Bayesian Matrix Factorization (BMF) [2, 13], formulates the matrix factorization task as a probabilistic model, with Bayesian inference conducted on the unknown matrices \(\mathbf {U}\) and \(\mathbf {V}\). Advantages often associated with BMF include robustness to over-fitting and improved predictive accuracy, as well as flexible utilization of prior knowledge and side-data. Finally, for application domains such as drug discovery, the ability of the Bayesian approach to quantify uncertainty in predictions is of crucial importance [9].

Despite the appeal and many advantages of BMF, scaling up the posterior inference for industry-scale problems has proven difficult. Scaling up to this level requires both data and computations to be distributed over many workers, and so far only very few distributed implementations of BMF have been presented in the literature. In [16], a high-performance computing implementation of BMF using Gibbs sampling for distributed systems was proposed. The authors considered three different distributed programming models: Message Passing Interface (MPI), Global Address Space Programming Interface (GASPI) and ExaSHARK. In a different line of work, [1] proposed to use a distributed version of the minibatch-based Stochastic Gradient Langevin Dynamics algorithm for posterior inference in BMF models.

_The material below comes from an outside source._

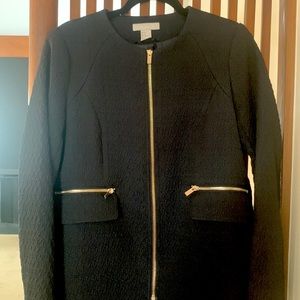 Navy Coat with Pockets and Zipper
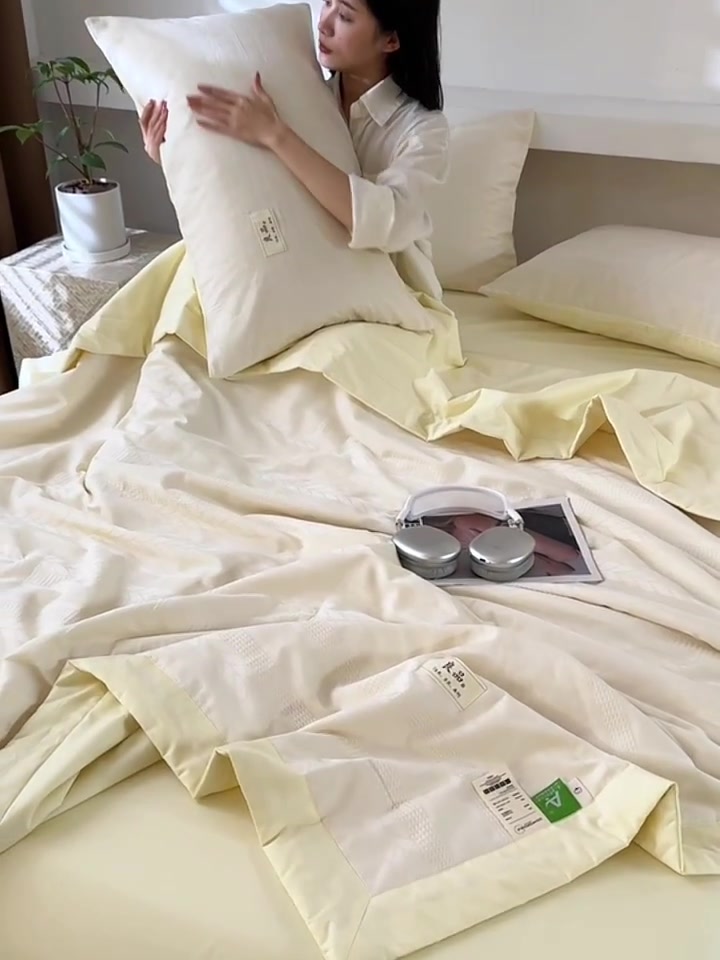 夏天睡出幸福感！池羽大豆夏被四件套，纯棉A类提花，机洗超方便！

While a key factor in devising efficient distributed solutions is to be able to minimize communication between worker nodes, both of the above solutions require some degree of communication in between iterations.

A recent promising proposal, aiming at minimizing communication and thus reaching a solution in a faster way, is to use a hierarchical embarrassingly parallel MCMC strategy [12]. This technique, called BMF with Posterior Propagation (BMF-PP), enhances regular embarrassingly parallel MCMC (e.g. [10, 17]), which does not work well for matrix factorization [12] because of identifiability issues. BMF-PP introduces communication at predetermined limited phases in the algorithm to make the problem identifiable, effectively building one model for all the parallelized data subsets, while in previous works multiple independent solutions were found per subset.

The current paper is based on a realization that the approaches of [16] and [12] are compatible, and in fact synergistic. BMF-PP will be able to parallelize a massive matrix but will be the more accurate the larger the parallelized blocks are. Now replacing the earlier serial processing of the blocks by the distributed BMF in [16] will allow making the blocks larger up to the scalability limit of the distributed BMF, and hence decrease the wall-clock time by engaging more processors.

The main contributions of this work are:

  • We combine both approaches, allowing for parallelization both at the algorithmic and at the implementation level.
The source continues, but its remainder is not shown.